* What to produce *
Every record that follows should be written out word for word; the pictures stay out.
+++ Dataset content +++
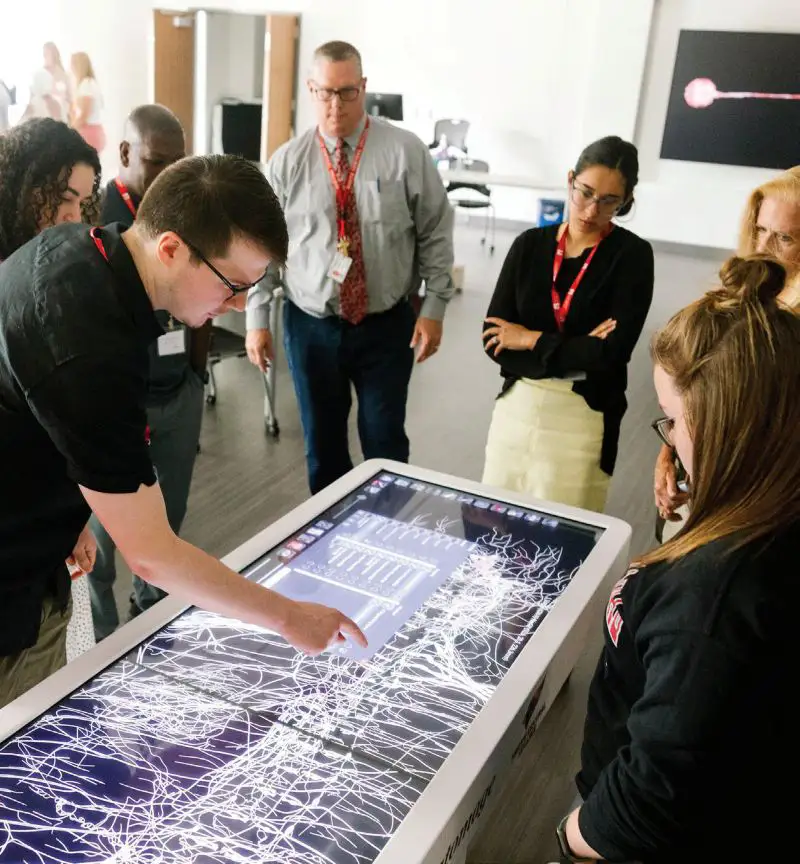 A group of students exploring the Anatomage Table.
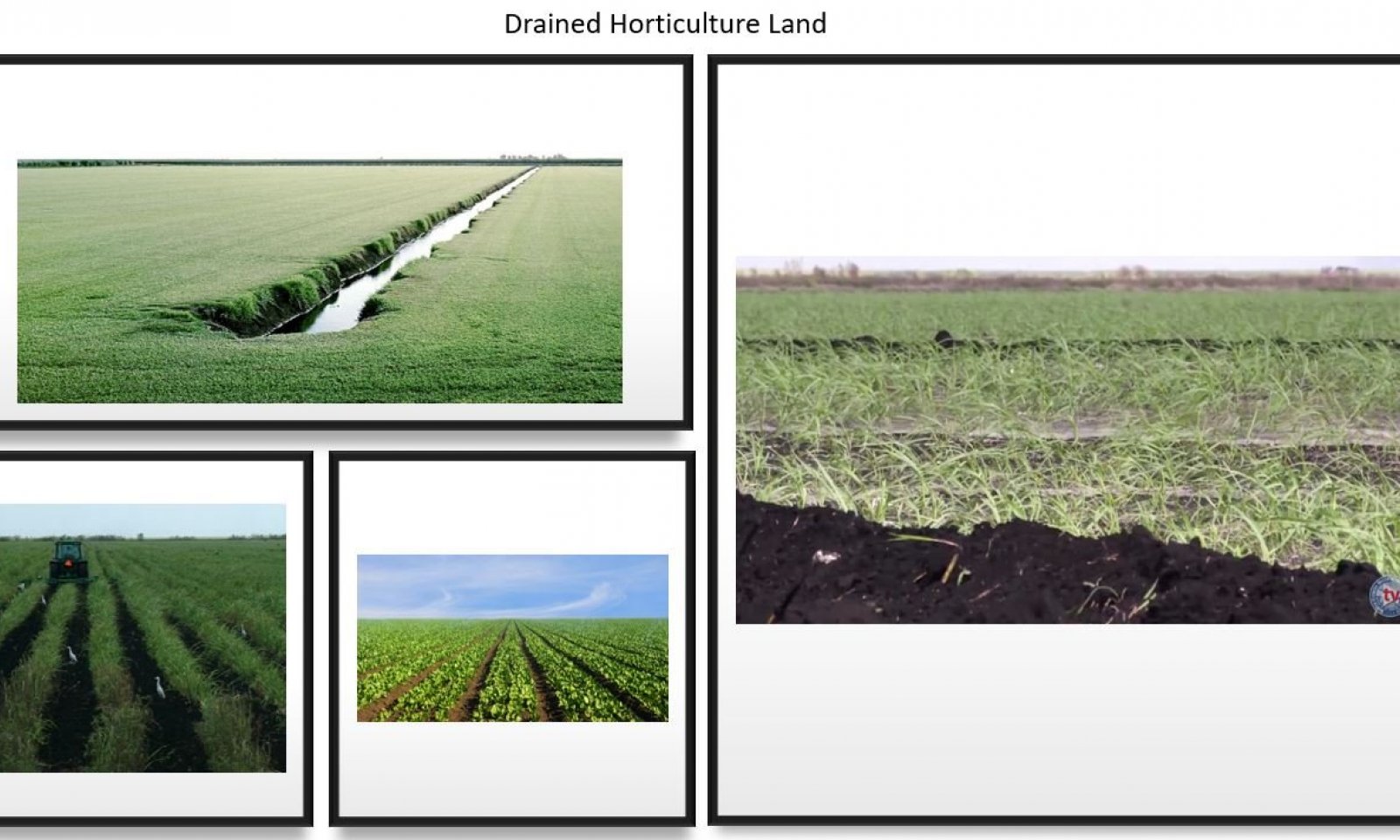 Drained Horticulture Land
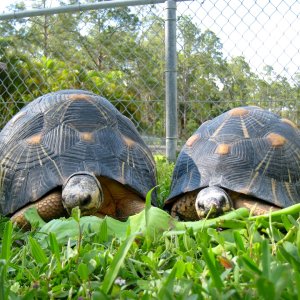 Aldabra Breeders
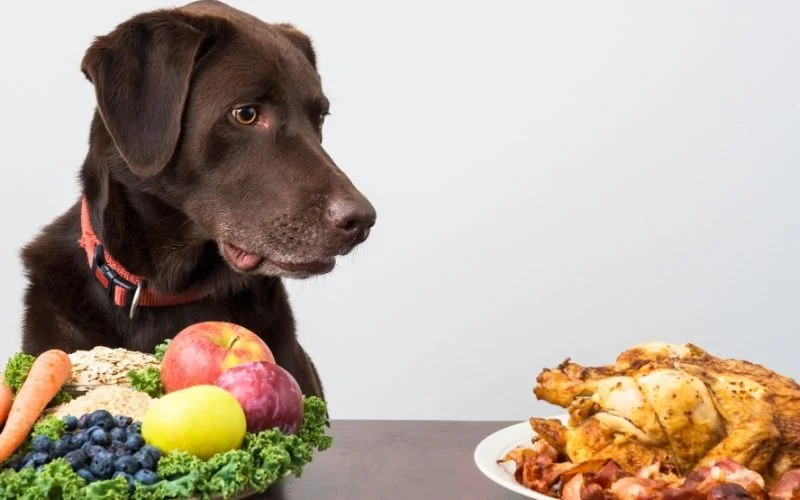 The Best Food for French Bulldogs
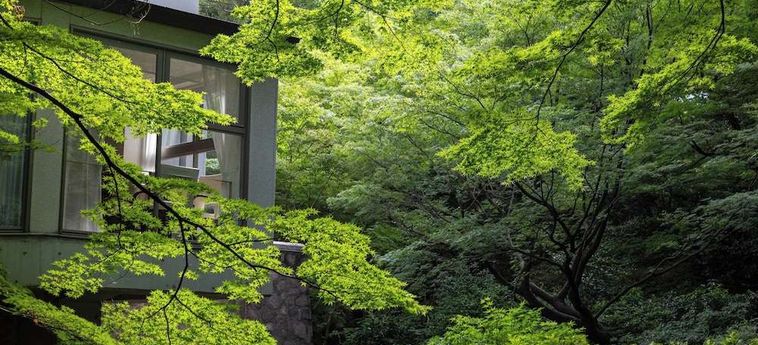 Sheraton Miyako Hotel Tokyo Tokyo: Foto 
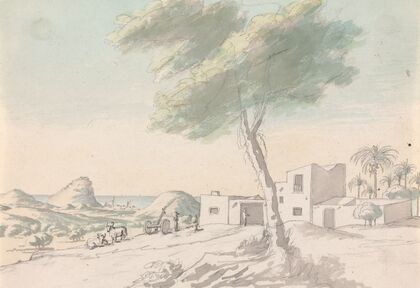 Landscape, With view of coast and Palm trees in the Distance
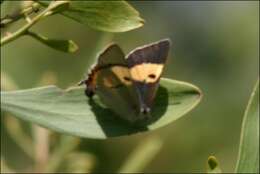 Imagem de Pseudalmenus chlorinda (Blanchard 1848)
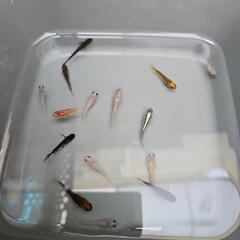めだか　ミックス(1)の画像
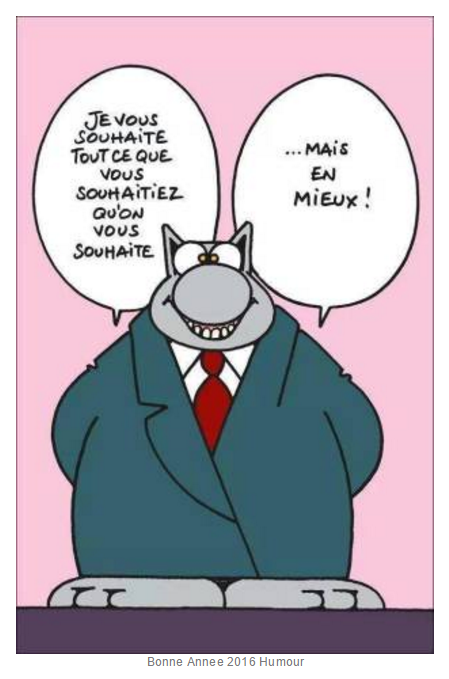 bonne année gentil.PNG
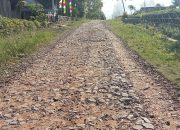 Warga Desa Tulung Buyut Mengeluh: Jalan Rusak Parah, Diduga Ada Penyimpangan Dana Desa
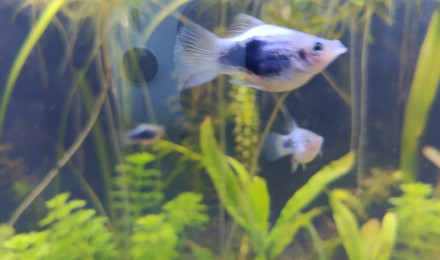 aquarium danios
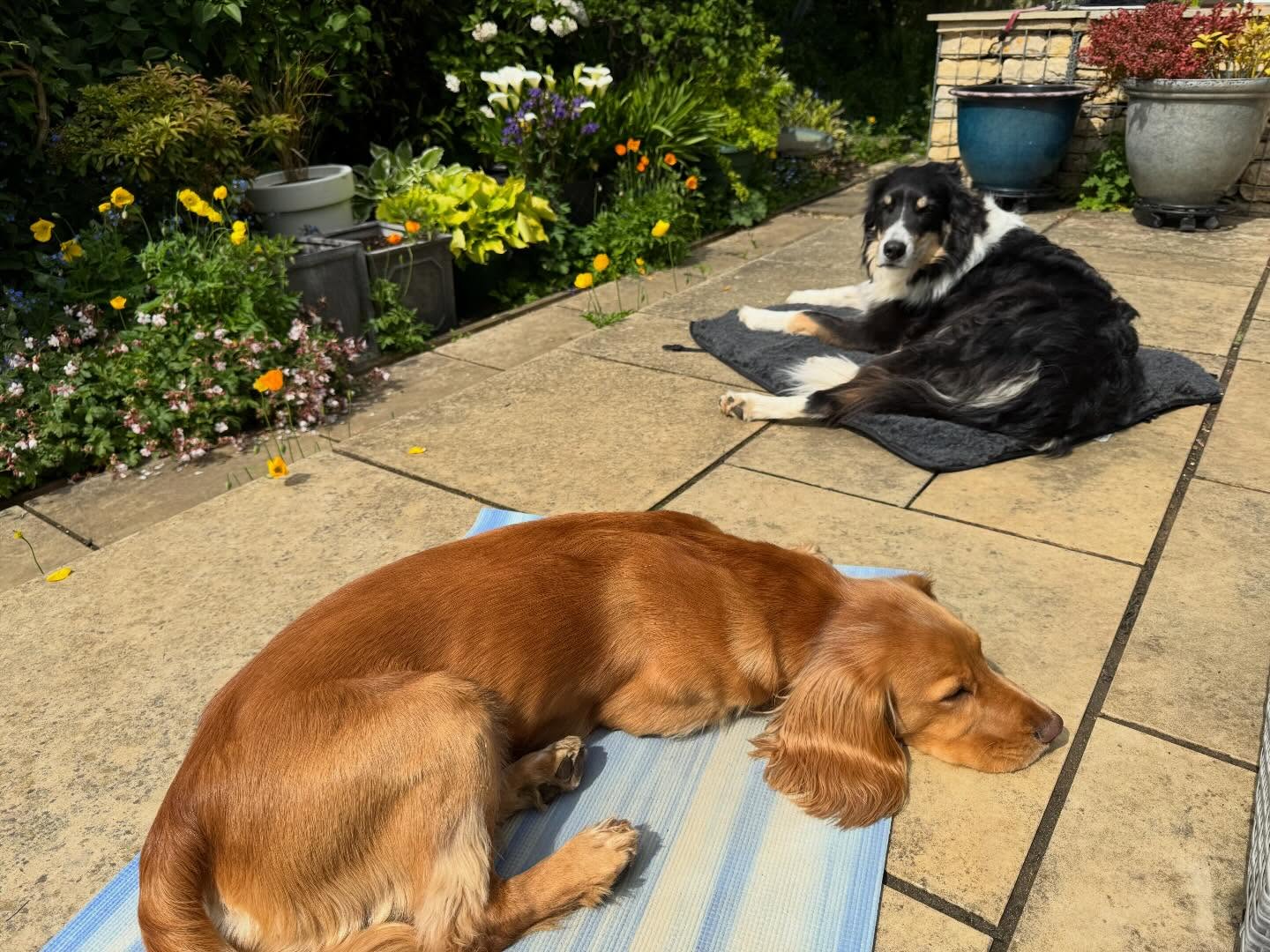 Me - lesson planning.
Dogs - resting!
It’s not too late to join us @bredonvillagehall tomorrow morning for some bank holiday yoga. Drop in session starting at 9.30am. #bredonyoga #morningyoga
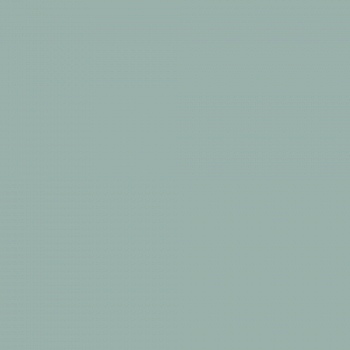 Краска Charmant цвет Juniper Candle NC35-0772 Sommet 0.9 л
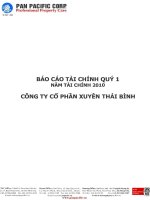 Báo cáo tài chính hợp nhất quý 1 năm 2010 - Công ty Cổ phần Tập đoàn PAN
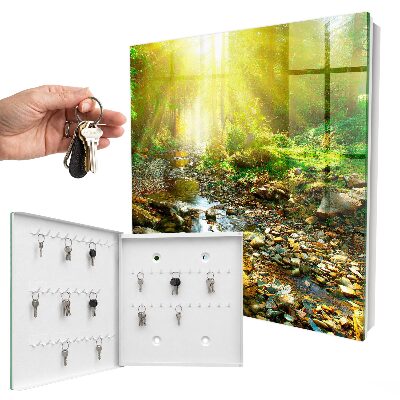 Key box Forest stream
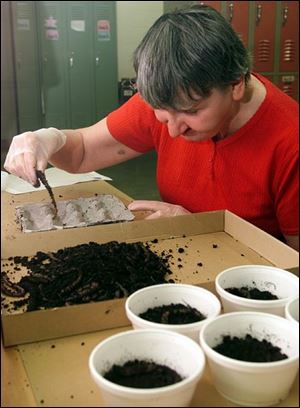 Mary Ann Presock sorts and separates the worms. Some of Riverview's 130 employees have spent the last 11/2 years helping to feed and water the worms.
+++
* Exercise solution *
 A group of students exploring the Anatomage Table.
 Drained Horticulture Land
 Aldabra Breeders
 The Best Food for French Bulldogs
 Sheraton Miyako Hotel Tokyo Tokyo: Foto 
 Landscape, With view of coast and Palm trees in the Distance
 Imagem de Pseudalmenus chlorinda (Blanchard 1848)
めだか　ミックス(1)の画像
 bonne année gentil.PNG
 Warga Desa Tulung Buyut Mengeluh: Jalan Rusak Parah, Diduga Ada Penyimpangan Dana Desa
 aquarium danios
 Me - lesson planning.
Dogs - resting!
It’s not too late to join us @bredonvillagehall tomorrow morning for some bank holiday yoga. Drop in session starting at 9.30am. #bredonyoga #morningyoga
 Краска Charmant цвет Juniper Candle NC35-0772 Sommet 0.9 л
 Báo cáo tài chính hợp nhất quý 1 năm 2010 - Công ty Cổ phần Tập đoàn PAN
 Key box Forest stream
 Mary Ann Presock sorts and separates the worms. Some of Riverview's 130 employees have spent the last 11/2 years helping to feed and water the worms.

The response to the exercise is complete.